Short web captions:
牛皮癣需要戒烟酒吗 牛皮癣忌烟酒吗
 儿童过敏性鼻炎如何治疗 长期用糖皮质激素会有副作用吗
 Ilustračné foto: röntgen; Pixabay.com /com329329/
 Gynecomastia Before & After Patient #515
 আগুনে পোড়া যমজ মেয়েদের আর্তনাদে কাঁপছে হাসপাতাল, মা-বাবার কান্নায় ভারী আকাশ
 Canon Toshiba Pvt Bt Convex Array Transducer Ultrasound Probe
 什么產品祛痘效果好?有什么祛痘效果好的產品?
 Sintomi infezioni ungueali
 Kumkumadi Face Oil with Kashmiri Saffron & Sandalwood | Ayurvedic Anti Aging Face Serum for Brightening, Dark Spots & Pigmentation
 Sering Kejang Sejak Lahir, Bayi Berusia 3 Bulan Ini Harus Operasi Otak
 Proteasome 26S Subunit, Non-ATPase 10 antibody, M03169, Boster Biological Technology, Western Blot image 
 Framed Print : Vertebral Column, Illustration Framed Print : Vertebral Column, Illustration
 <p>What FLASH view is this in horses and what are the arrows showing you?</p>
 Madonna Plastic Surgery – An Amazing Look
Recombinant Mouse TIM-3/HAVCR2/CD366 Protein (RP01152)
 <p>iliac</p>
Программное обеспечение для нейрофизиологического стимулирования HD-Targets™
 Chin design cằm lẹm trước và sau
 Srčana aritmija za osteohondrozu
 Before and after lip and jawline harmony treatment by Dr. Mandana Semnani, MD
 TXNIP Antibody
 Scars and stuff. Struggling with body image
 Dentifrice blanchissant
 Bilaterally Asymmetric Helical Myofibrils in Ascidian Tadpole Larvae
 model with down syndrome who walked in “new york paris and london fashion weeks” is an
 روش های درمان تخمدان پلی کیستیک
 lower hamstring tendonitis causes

Work item> Nothing should appear in the answer except the lines from the one containing "TXNIP Antibody" to the end of the data above, reproduced exactly.

Solution>
 TXNIP Antibody
 Scars and stuff. Struggling with body image
 Dentifrice blanchissant
 Bilaterally Asymmetric Helical Myofibrils in Ascidian Tadpole Larvae
 model with down syndrome who walked in “new york paris and london fashion weeks” is an
 روش های درمان تخمدان پلی کیستیک
 lower hamstring tendonitis causes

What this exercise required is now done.